Consta dos autos relatório pericial realizado à progenitora datado de 27/08/2020 que concluiu que a progenitora “se revelou globalmente ajustada, não manifestando sintomatologia psicopatológica ou perturbação da personalidade clinicamente significativa. Concluímos, deste modo, que a progenitora reúne condições psicoemocionais favoráveis à condução da educação do seu filho AA (…). Não obstante, a esta avaliação foi igualmente perceptível que a relação entre o ex-casal continua a pautar-se por uma escalada em termos de hostilidade, conflito e judicialização, culminando num comprometimento das relações paterno-filiais, perceptível pela alegada postura de recusa e rejeição de AA à figura paterna (…) A persistência no tempo destas dinâmicas poderá vir a comprometer o equilíbrio emocional do AA e impedir a resolução em absoluto do aludido litígio parental (…)”.
Este relatório pericial alerta para o risco de cronificação da recusa do menor, caso não haja uma inversão de postura por banda dos progenitores e para as consequências da rejeição da figura paterna, alerta que não surtiu qualquer efeito junto de ambos os progenitores.
Conforme ofício do GML de 02/12/2020, o pai do menor faltou ao exame marcado no dia 02/12/2020, na especialidade de psicologia forense.
Entretanto, na sequência de e-mail remetido pelo progenitor para a PGR e CSM, o Exmo. Juiz titular participou criminalmente do progenitor e suscitou a sua escusa, por se ter sentido atingido na sua honorabilidade pessoal e profissional, tendo os autos passado a ser tramitados pelo titular do J2.
Após pedido de informação do Exmo. Juiz substituto, a informação intercalar datada de 05/11/2020, informa que a realização de avaliação pericial ao progenitor continua a mostrar-se necessária.
Na sequência de requerimento de progenitor foi proferido despacho datado de 22/12/2020 que não autorizou que o menor fosse visitado pelo progenitor no dia do aniversário daquele e no período de passagem de ano, insistindo que importa insistir numa reaproximação gradual.

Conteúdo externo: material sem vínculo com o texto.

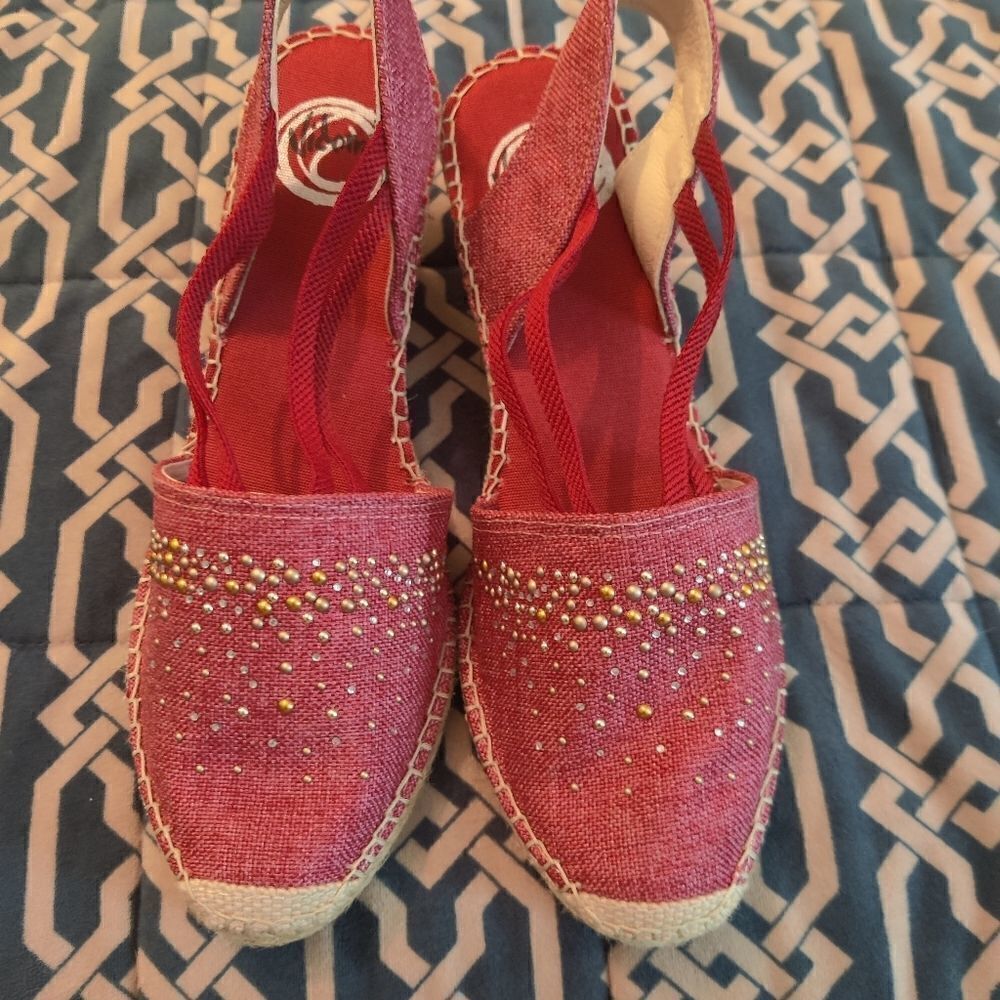 VIDORRETA wedge espadrilles red canvas size 40 nwob
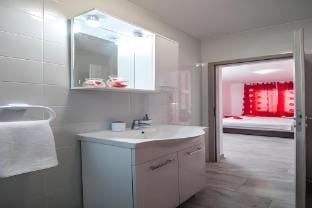 Apartments  Rooms Sunshine Home - Double Room  Red Apartment in Dubrovnik-Neretva County
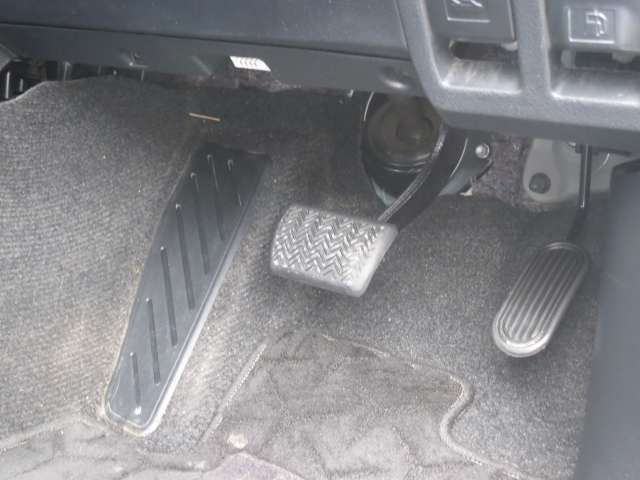 トヨタ ハイラックス ２．４ Ｘ ディーゼルターボ ４ＷＤ H30年 (関東) 99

Em 20/01/2021, foi remetido aos autos relatório social de acompanhamento da execução da medida, do qual resulta que:
“se tornou inviável qualquer intervenção eficaz face á não alteração de comportamentos, não diminuição dos níveis de conflito e restabelecimento da comunicação entre os progenitores, enquanto de mantiverem e prolongarem os processos/acções judiciais. A exposição continuada ao conflito, poderá representar sequelas graves para a saúde mental das crianças/jovens, para a estruturação da personalidade e para seu equilíbrio psíquico. (…) Pelo facto, e considerando que o regime de residência alternada (em vigor), pressupõe a coparentalidade e capacidade de comunicação entre os progenitores, como salvaguarda do bem-estar e do interesse do AA, consideramos que não se encontram reunidos os pressupostos, tendo em conta elevado nível conflitual existente e sobejamente retratado nos autos. (…) Da avaliação realizada não se vislumbram sinais de qualquer situação de risco ou perigo para o jovem, enquanto integrado no agregado familiar da progenitora, à excepção da relação conflitual, discórdia, hostilidade e disputas judiciais existentes entre os progenitores, o que alegadamente terá levado o jovem a recusar os convívios com o progenitor e tendencialmente poderá vir a deteriorar o relacionamento e vínculo afectivo entre pai e filho (…)”.
Confrontado com o teor de tal relatório, o progenitor opôs-se ao arquivamento dos autos. Foi designada data para audição dos progenitores e do Técnico de Serviço Social.
Na data aprazada - 08/03/2021 - mantendo-se a oposição do progenitor ao arquivamento dos autos, foi ordenada a abertura de termo de vista, concluindo o Digno Magistrado do M.P., pela proposta de arquivamento e de realização de exames psicológicos ao menor e progenitor.
Com vista à prolação de decisão, foi designada data para a inquirição do jovem com a intervenção da psicóloga.
Na data aprazada - 29/04/2021 -, foi inquirido o jovem após o que se ordenou a abertura de termo de conclusão.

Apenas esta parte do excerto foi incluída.